The book falls into five parts. The first examines what it is actually like to be old (Lively is now eighty)--the pleasures and the pitfalls; what old age feels like. The second examines the overarching backdrop to Lively's life--the political, social and archaeological era that has contextualised her existence. The third examines memory--why people remember as they do and how memory deteriorates with age. The fourth focuses on books and writing--Lively discusses some of the books that have made the greatest impression on her, and how they have have influenced her own writing. And the final part talks about six objects that Lively owns and which, in different ways, represent and define different parts of her life.
The quality of Lively's writing is, as usual, first class. When reading her prose, I always feel as if I am listening to a good friend. Her writing instils that kind of intimacy, while at the same time touching on profound, deeply meaningful matters. Quite a feat, but then that is her gift.

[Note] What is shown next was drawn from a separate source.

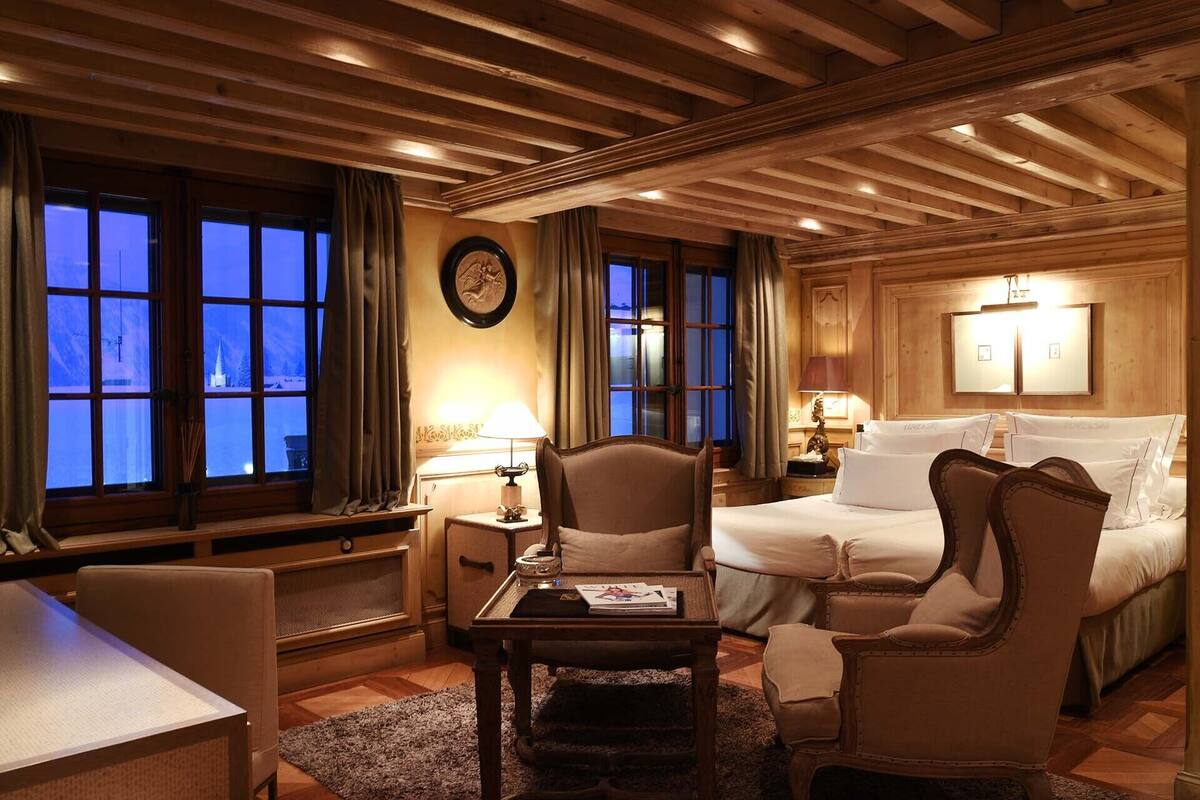 A hotel room with a bed, two armchairs, a small table, and a desk. There are windows with curtains, a wall clock, and a lamp on the nightstand.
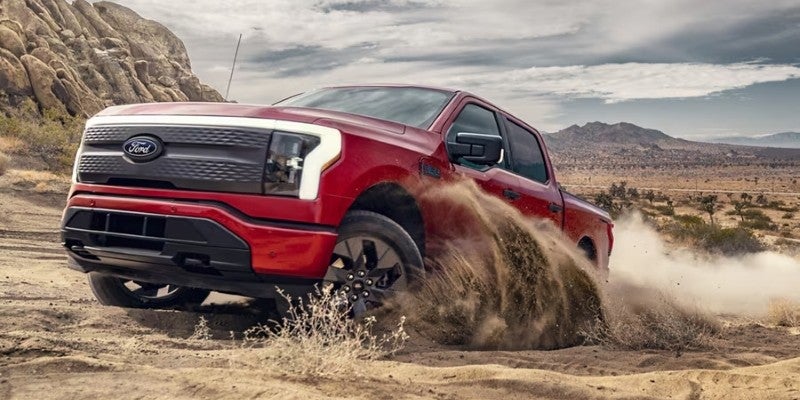 Una camioneta pickup Ford F-150 Lightning circulando por el desierto con arena proyectándose desde las ruedas delanteras.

As with all of Lively's work, this book comes highly recommended, particularly the sections on old age and memory. (I found the section on the political and social context informative, but a little dull--although I suspect that someone of Lively's own generation would find the material here much more interesting.)
My only complaint is that this book has a touch of finality about it--memoirs, old age and so on are all suggestive of the end of an era. I just hope that this isn't so quite yet and that this won't be the last book that Lively writes.